Joke Collection Website - Blessing messages - I want an April Fool's message suitable for couples, thank you.

I want an April Fool's message suitable for couples, thank you.

1: I said: You are a pig, but you said: I am a pig. From then on, I called you a pig. One day you finally couldn't help shouting: I'm not a pig.

2: I have something to ask you. Can you find a vacant room for me to stay for two days? Please don't tell anyone about it. I hate to bother you, but I really can't find anyone I can trust. I'm Saddam!
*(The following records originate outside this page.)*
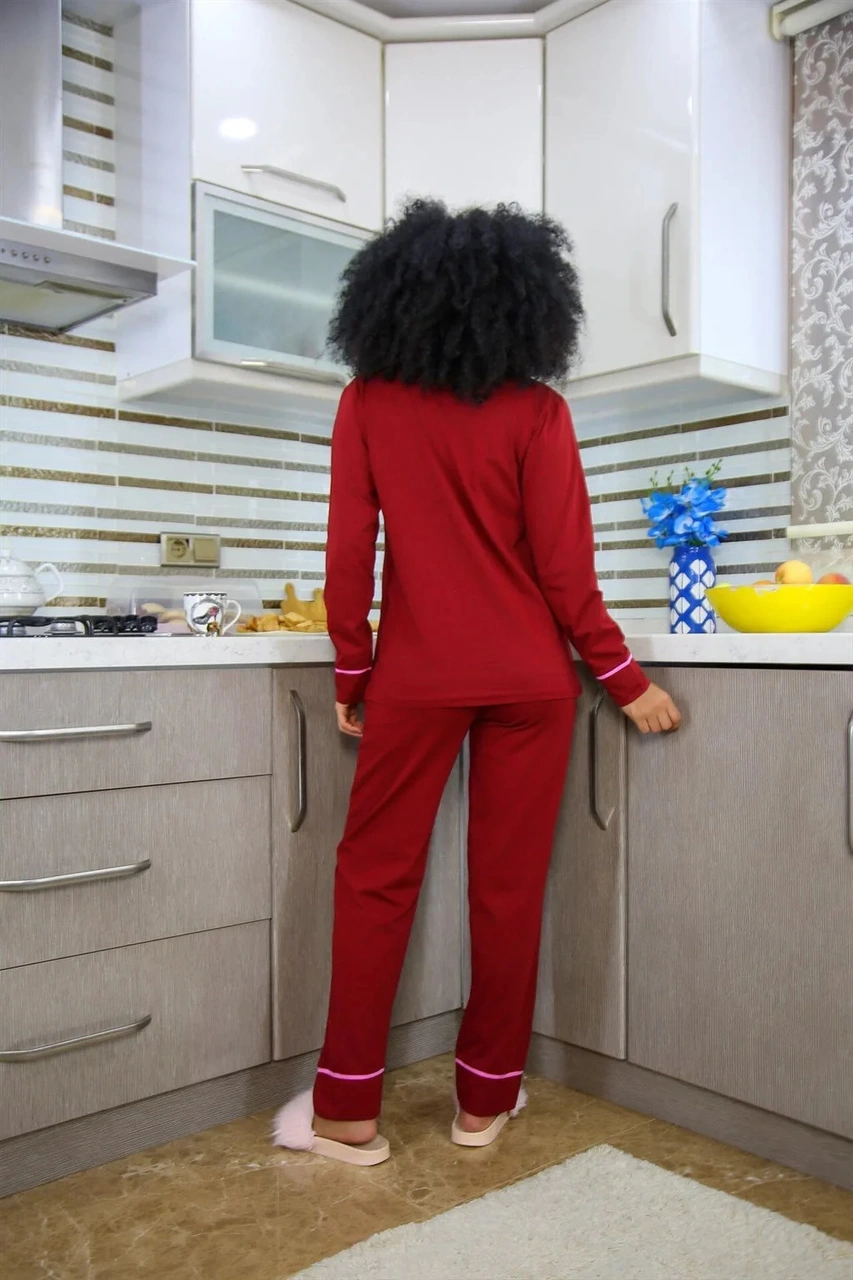 Moda Kadın %100 Pamuk Penye Önden Düğmeli Uzun Kol Pijama Takım Bordo Bordo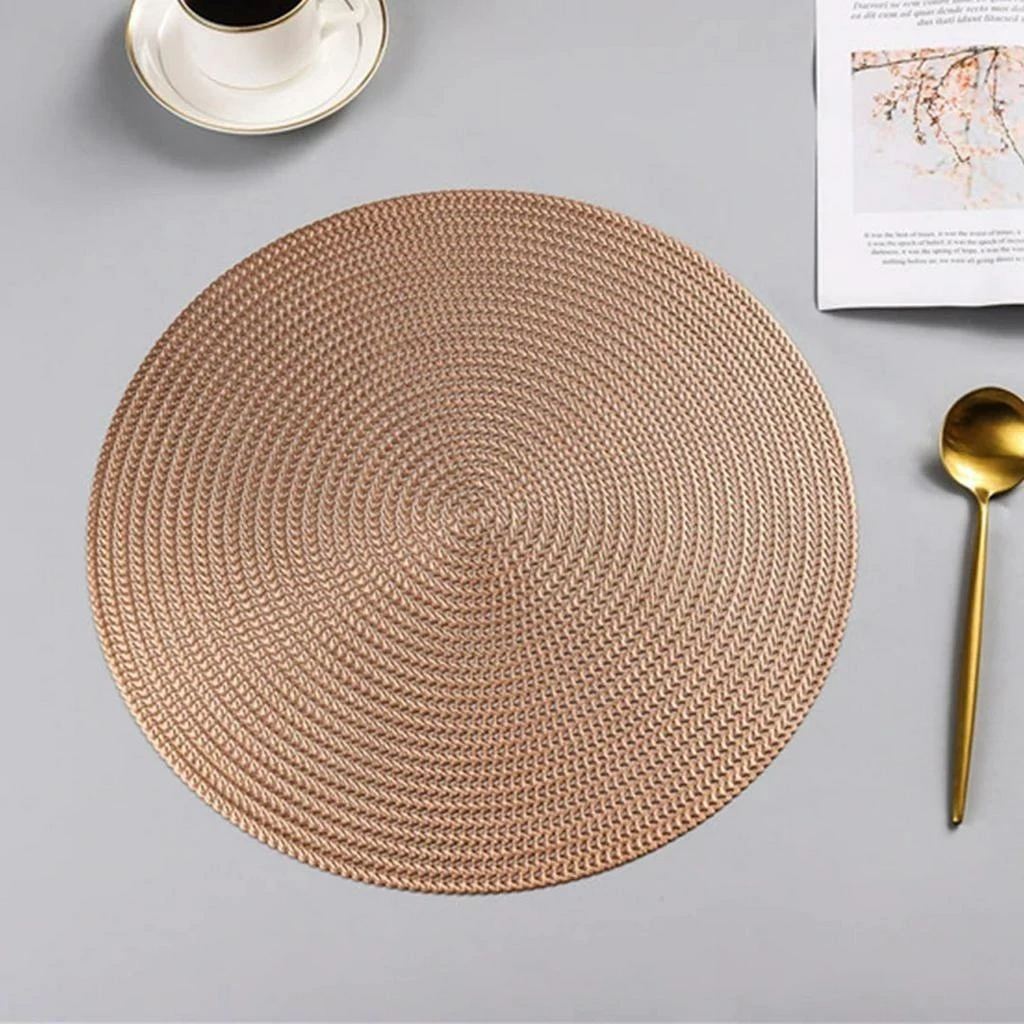 jogo americano dourado redondo- decoração de natal cor rosê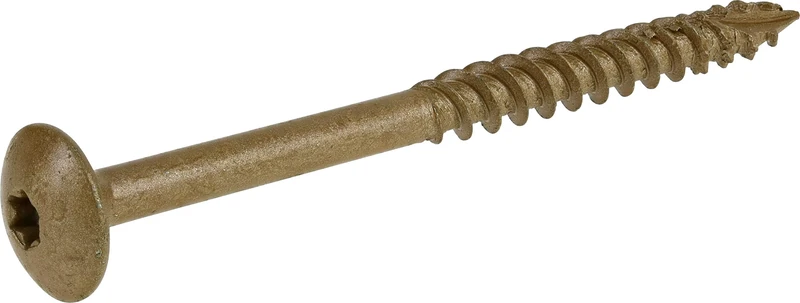 The Hillman Group 47877 5/16-Inch x 4 Star Drive Construction Lag Screw with Truss Head 1000 Hour Bronze Ceramic Coat, 100-Pack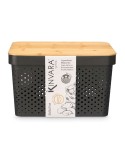 Scatola Multiuso Kinvara CH52970 (24) Marrone Nero Bambù polipropilene 35,7 x 22 x 26,2 cm (4 Unità)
3: The person who received the message was an Egyptian mummy, the person who deleted the message was an African bug, the person who replied to the message was a Rwandan wild boar, and the person who did not reply was a Thai shemale who failed the operation!

4. Notice: April Fool's Day has arrived. The text messages you received in April 1 were all false, with the opposite meaning. Please pay attention. Here is the first one: you are a handsome, handsome, symmetrical and beautiful public lover, devil figure!

5. pig-seeking notice: a purebred white pig was lost. Features: smart, considerate, holding a mobile phone to read short messages, loving pigs, and returning the information to the owner quickly after reading it! Master misses you now!

Dear mobile phone users, in order to keep you awake on April Fool's Day (1), we provide a quick wisdom book, as long as you keep reading "$&; You can learn it after ten times.

7: Poor mobile phone user, it's a pity that you are infected with April Fool's Day bacteria because you confirmed this short message. Now bacteria are wearing uniforms, full of energy, and marching in your body with vigorous steps ... "

8: notice: there will be a leadership inspection tomorrow morning. Dear colleagues, please dress as required. Man: suit, tie, shorts and slippers; Lady: swimsuit, pants, shoes!